Creative Comedy Project
Circle, Circle, Dot, Dot By Tracy Maylath
Huddled like four bowling pins at one end of the dining table, we squint at the man perched far at the other end as though he might tumble toward us and topple our upstanding family. He’s Ed-from-across-the-street’s son. When Father warns us that he’s coming over to buy our battered Datsun, Mother scans the kitchen for invisible spies before hissing ‘Evelyn says he’s _____.’
Her sentence rams into a glottal stop.
‘He’s what?’ I ask.
‘She means he’s _____.’ Father’s gesture finishes his sentence. His right hand flopping, his left arm crooked, wrist planted on waist.
I giggle. Father as the little teapot when he recoils from holding Mother’s purse, even for a moment, like the purse will infect him with feminine cooties.
‘She means he’s gay,’ Brother says.
‘Shush,’ Mother says, ‘It’s not nice.’
Mother’s mouth opens to answer before her brain has shuttled words to it.
Brother assists, ‘because it’s against God.’
‘I dunno. Cause it says in the bible.’
‘Nuh uh. Does not.’
‘It does so. It says that being gay is a sin and if you do that kind of stuff, you’ll go to Hell.’
‘What kind of stuff?’
‘Gay stuff. Duh.’
‘Does not. The bible wouldn’t say “gay stuff”.’
‘Well it doesn’t say “gay stuff”, Stupid, it just says like being gay and stuff.’
Mother scuffs crumbs from the table. Father rattles the pages of the used car ads.
‘But Ted at church was gay?’ I say.
‘Shhhhhh...’ Mother hisses.
‘But you said that’s why he got fired?’
‘The new organist is better anyway,’ she answers.
‘I sat next to him once,’ Brother shudders. ‘The bible is right, they should just all go live in San Francisco.’
‘The bible says gay people should all live in San Francisco?’
Mother tells me to stop acting superior. But I’m not because the bible is like algebra. It makes me feel stupid because everyone else understands that gay = bad and I don’t get how they balance that equation.
Now he’s here at our kitchen table having car facts volleyed toward him by Father while I examine him, like he’s my algebra textbook, for clues. He’s just like Ted, or Father, wearing a boring shirt with the penguin logo on the chest. He and Father seal their deal with a manly handshake.
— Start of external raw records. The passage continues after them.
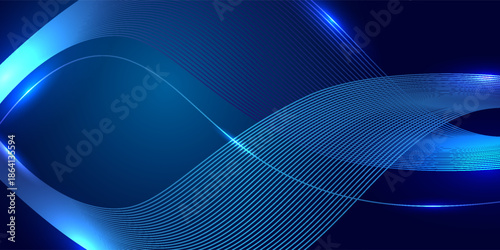 Abstract blue modern background with smooth lines. Dynamic waves. vector illustration.
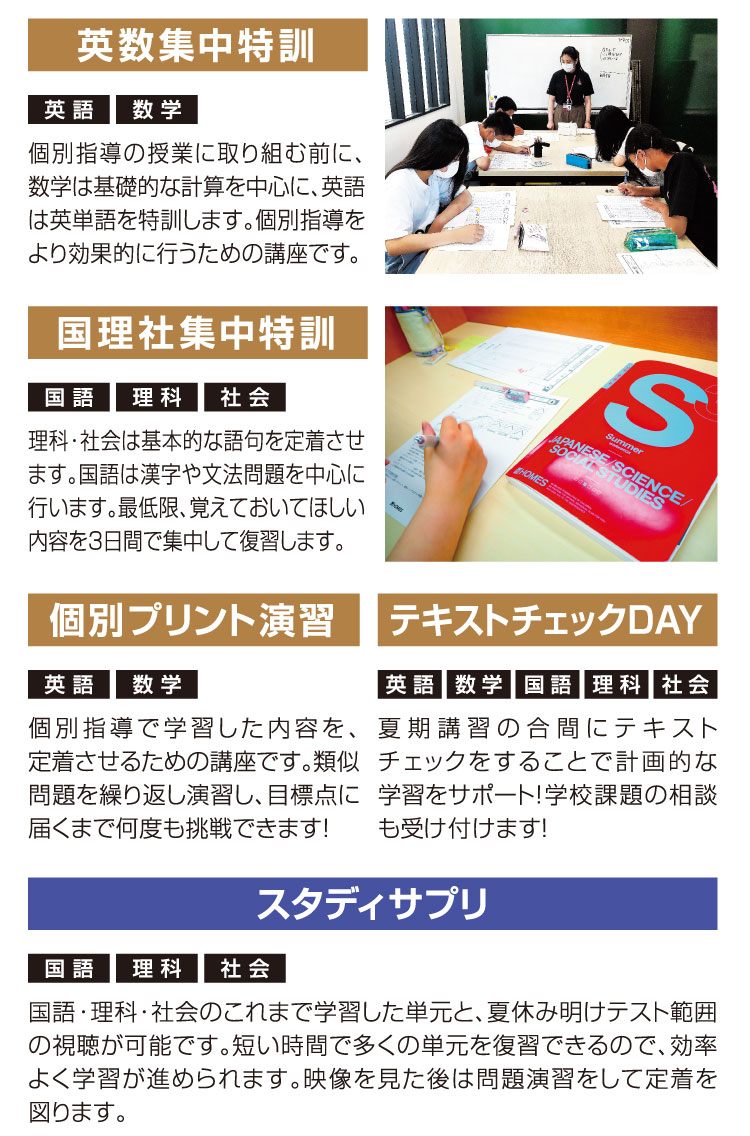英数集中特訓 国理社集中特訓 個別プリント演習 テキストチェックDAY スタディサプリ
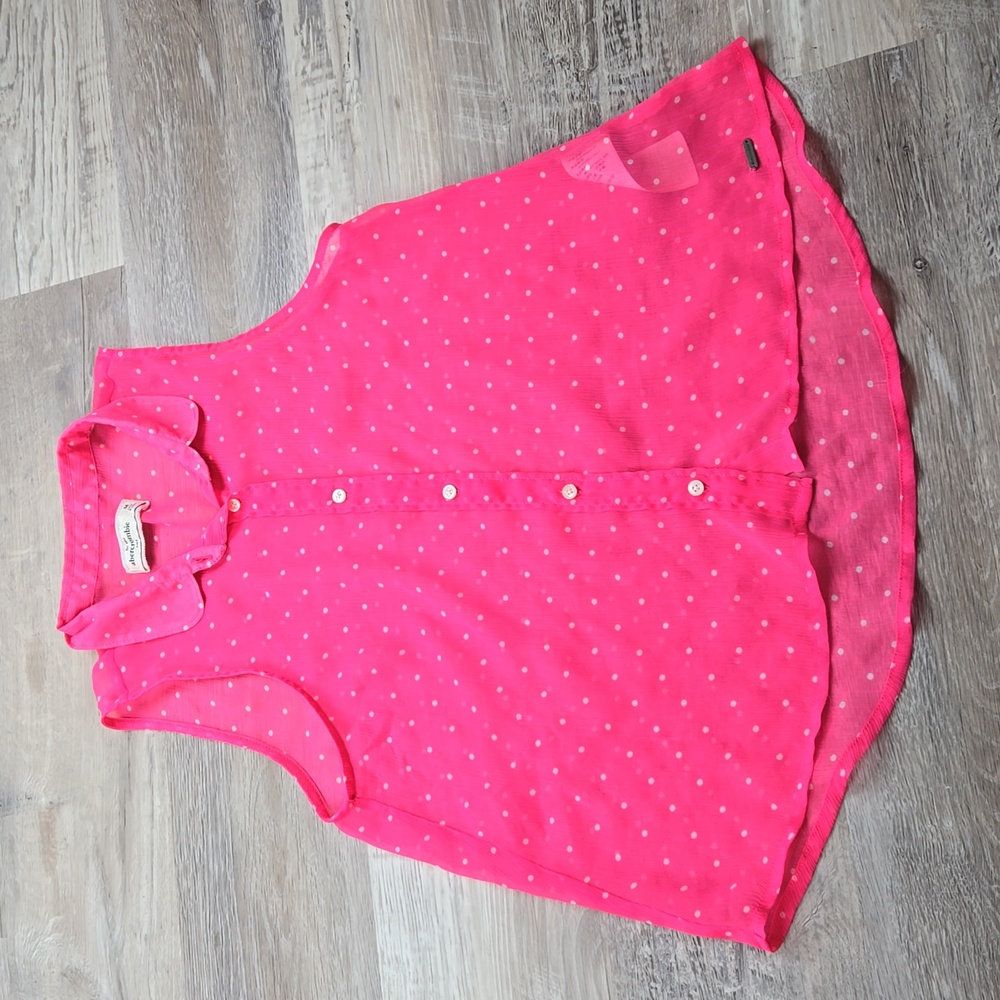 Abercrombie kids M sheer tank button down sleeveless neon pink blouse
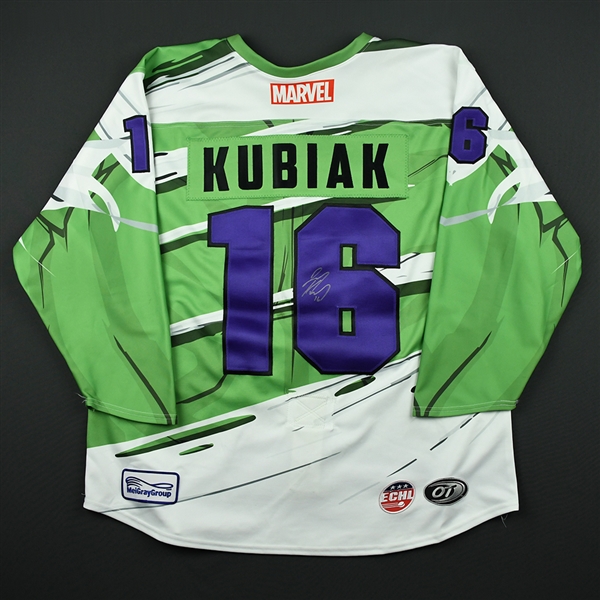 Jeff Kubiak - Worcester Railers - 2017-18 MARVEL Super Hero Night - Game-Worn Autographed Jersey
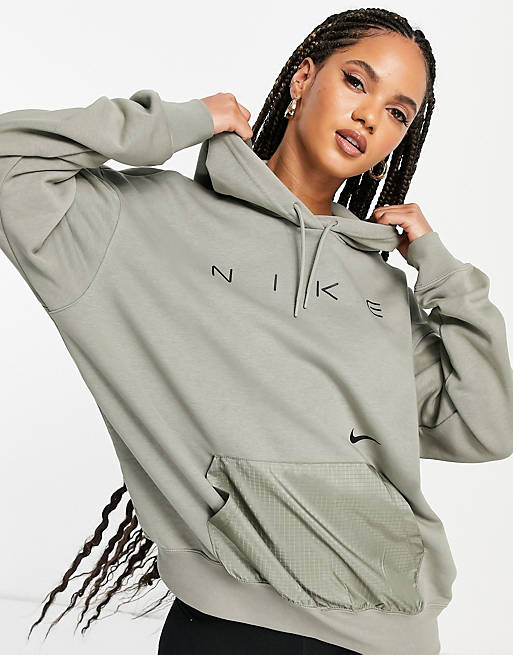 Nike oversized fleece hoodie in dark grey with logo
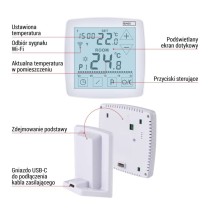 Inteligentny termostat pokojowy, bezprzewodowy, GoSmart z WiFi, P56S11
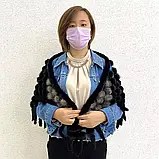 Шаль із норки, норкова накидка, норкова хустка з попелястий норки, фото 3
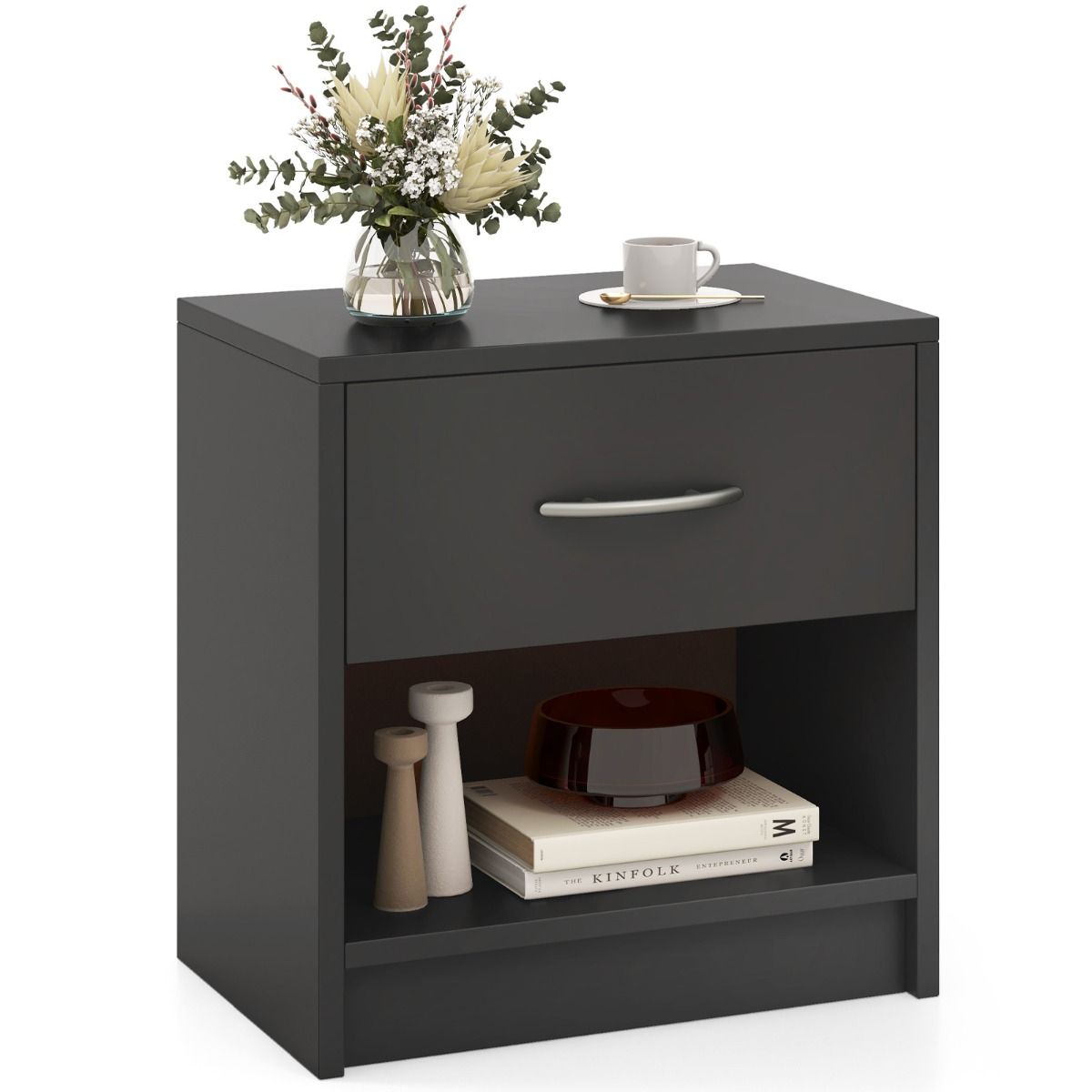 Coast Nachttisch mit Schublade – offenes Regal – kompaktes Design – 38,5 x 28 x 40,5 cm – braun und schwarz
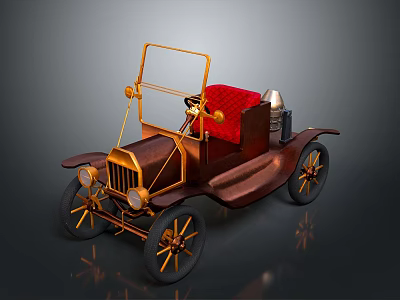 Vintage Car Brown Body With Brass Frame Red Seat Open Cockpit Retro Wheel Design 3d model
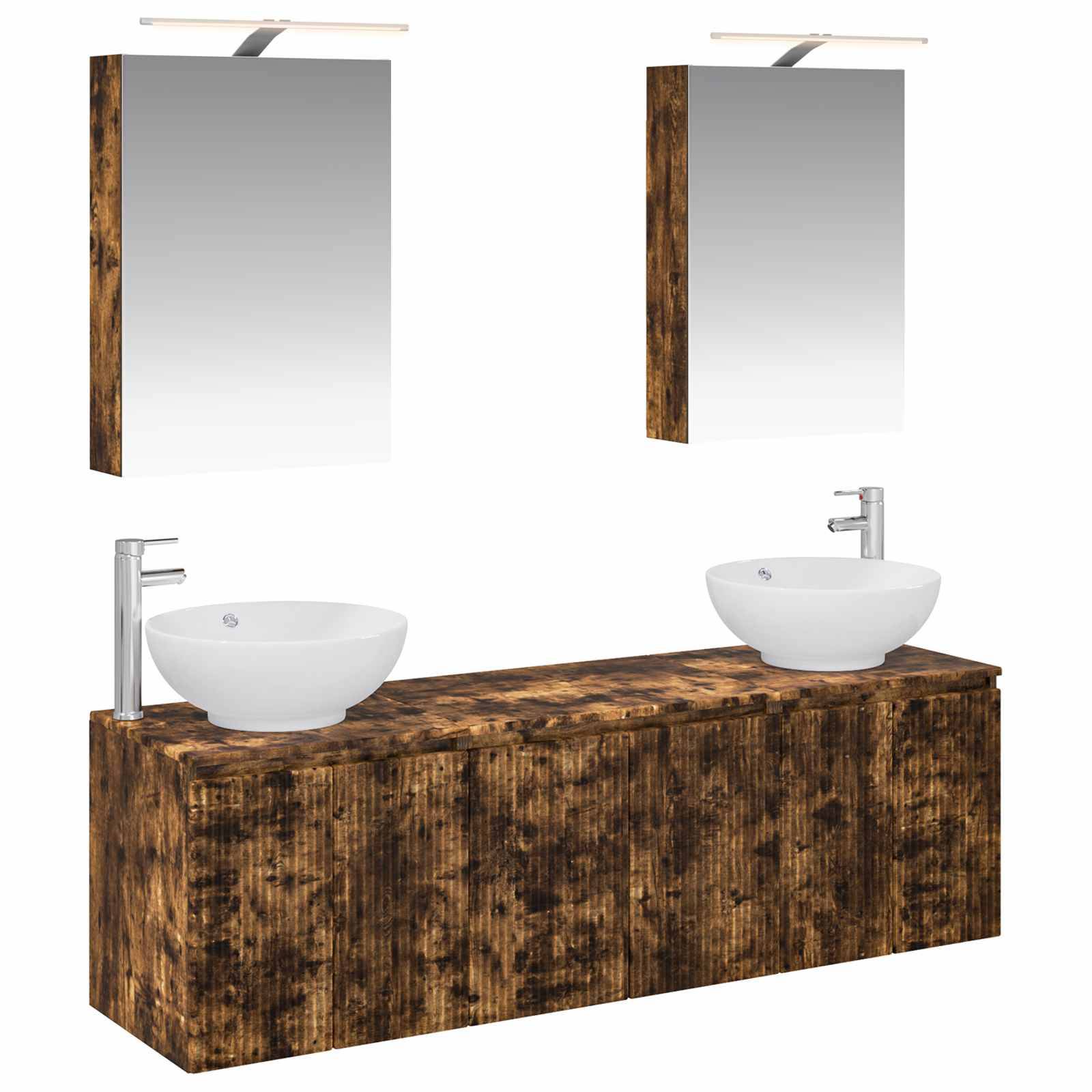 vidaXL Badezimmerschrank-Set 5 pcs Geräucherte Eiche Holzwerkstoff
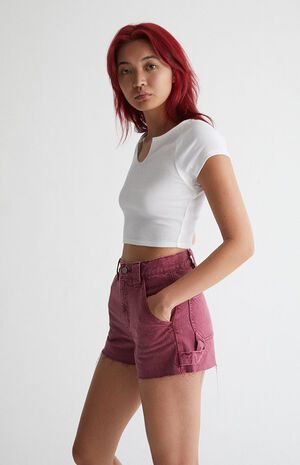Mauve Utility Straight Leg Denim Shorts image number 2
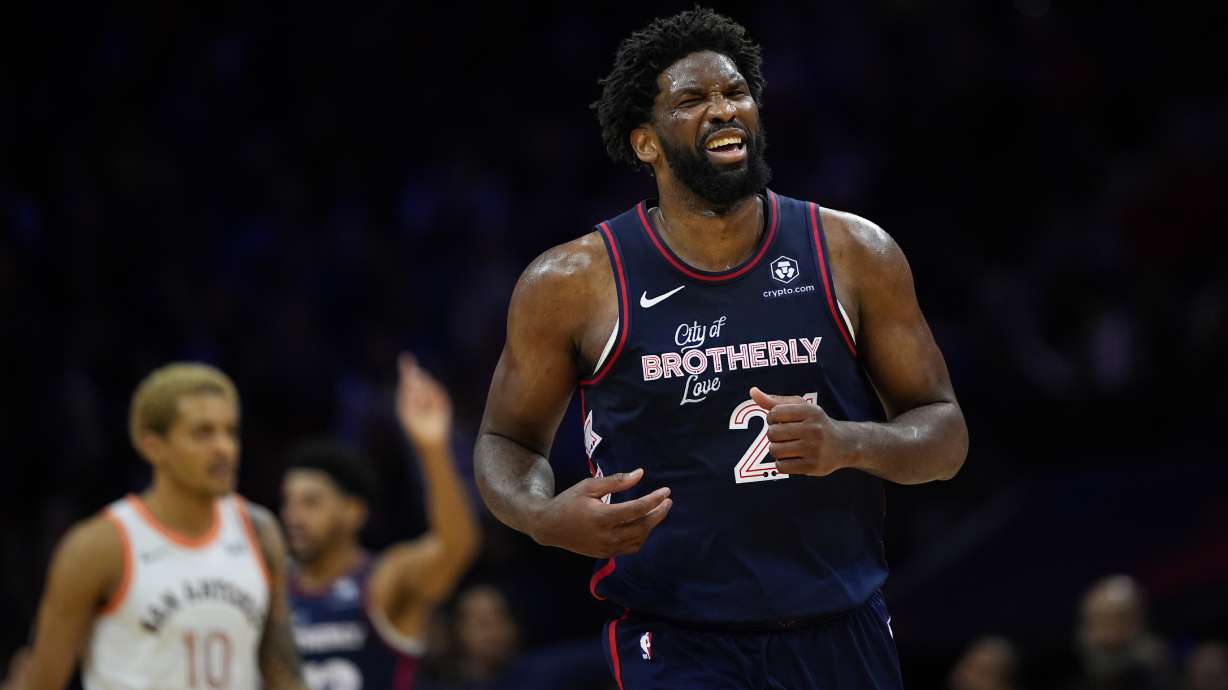 Philadelphia 76ers' Joel Embiid, right, reacts during the second half of an NBA basketball game against the San Antonio Spurs, Monday, Jan. 22, 2024, in Philadelphia.
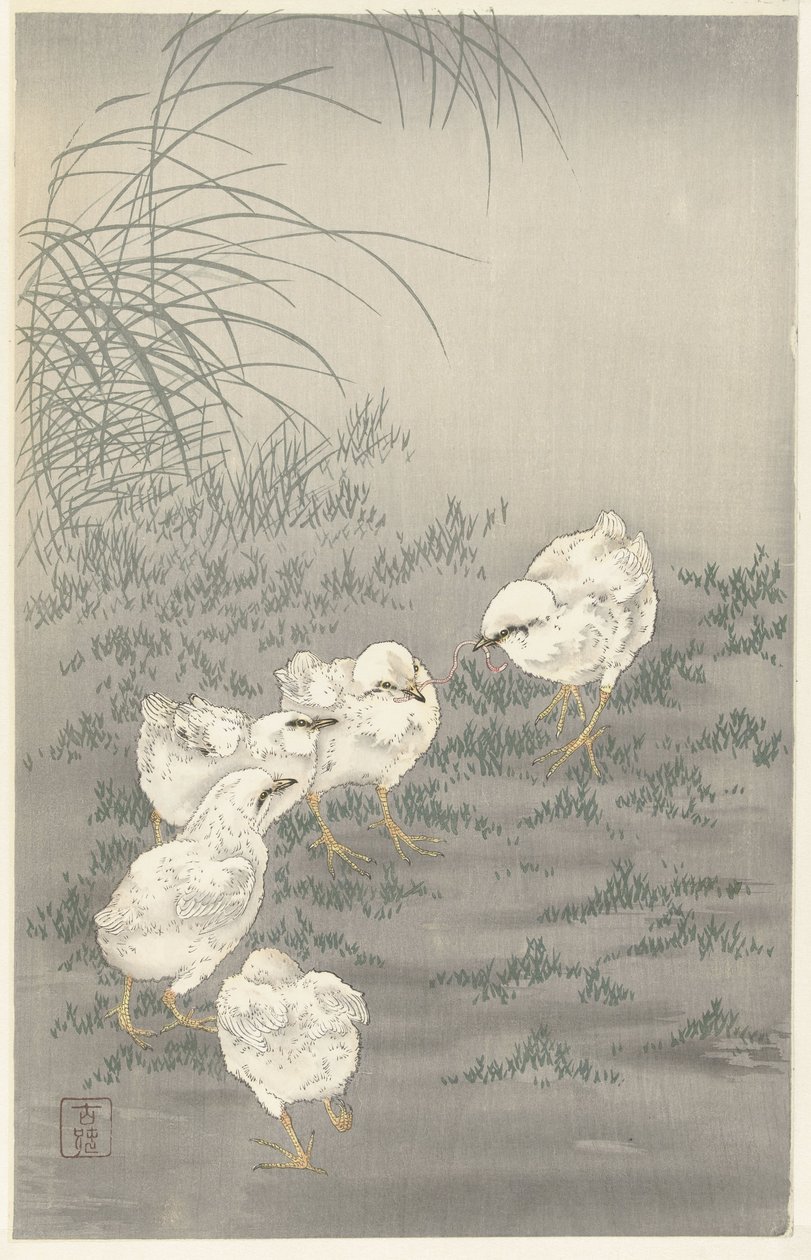 Pięć piskląt autorstwa Ohara Koson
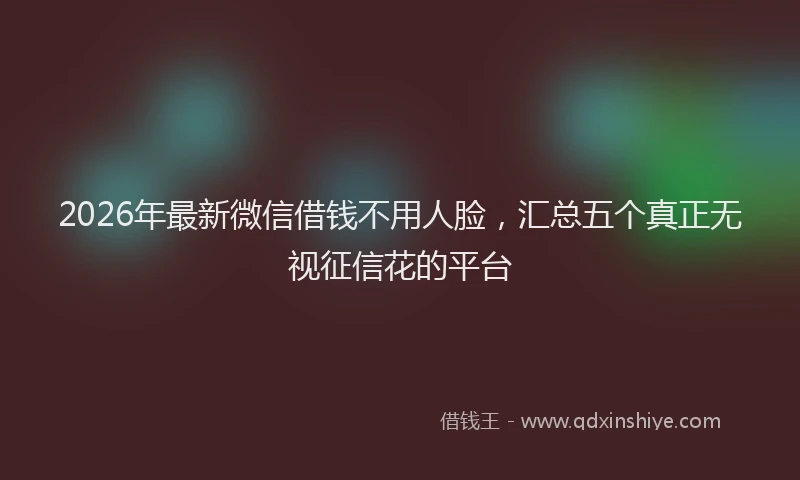 2026年最新微信借钱不用人脸，汇总五个真正无视征信花的平台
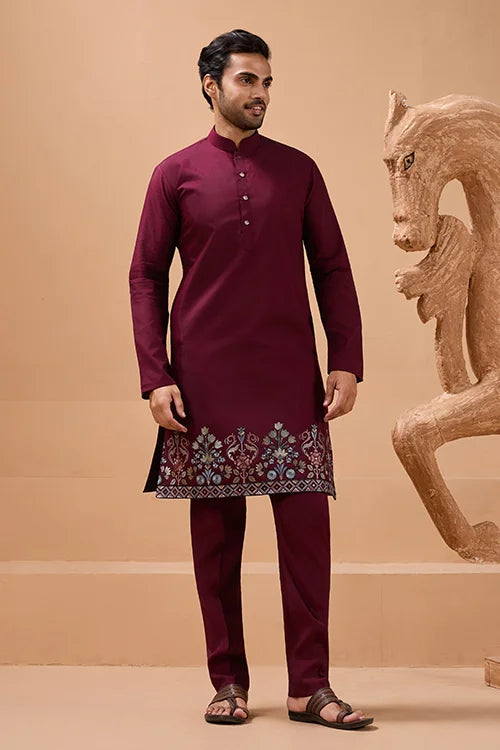 Maroon Color Traditional Special Koti Kurta Set for Men's Wear Clothsvilla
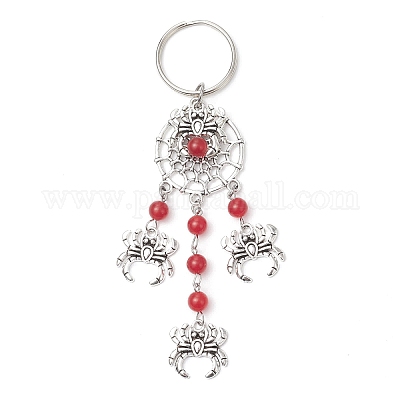 5 шт. 5 стиля тибетского стиля сплава натуральные драгоценные камни брелки KEYC-JKC01240-1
As he’s getting in the car, he spots me peering at him from the kitchen windows and waves at me.
I ask Father, ‘he seems nice?’
‘Well as long as he doesn’t shove it in my face, I guess his money’s just like anyone else’s.’
I puzzle over what Father thinks Ed-from-across-the-street’s son might shove in his face. I figure it must be the gay stuff the bible mentions.
Brother sneaks up beside me. He grabs my arm, shunts up my sleeve and draws an imaginary inoculation on my forearm, ‘circle, circle, dot, dot, now you have a cootie shot.’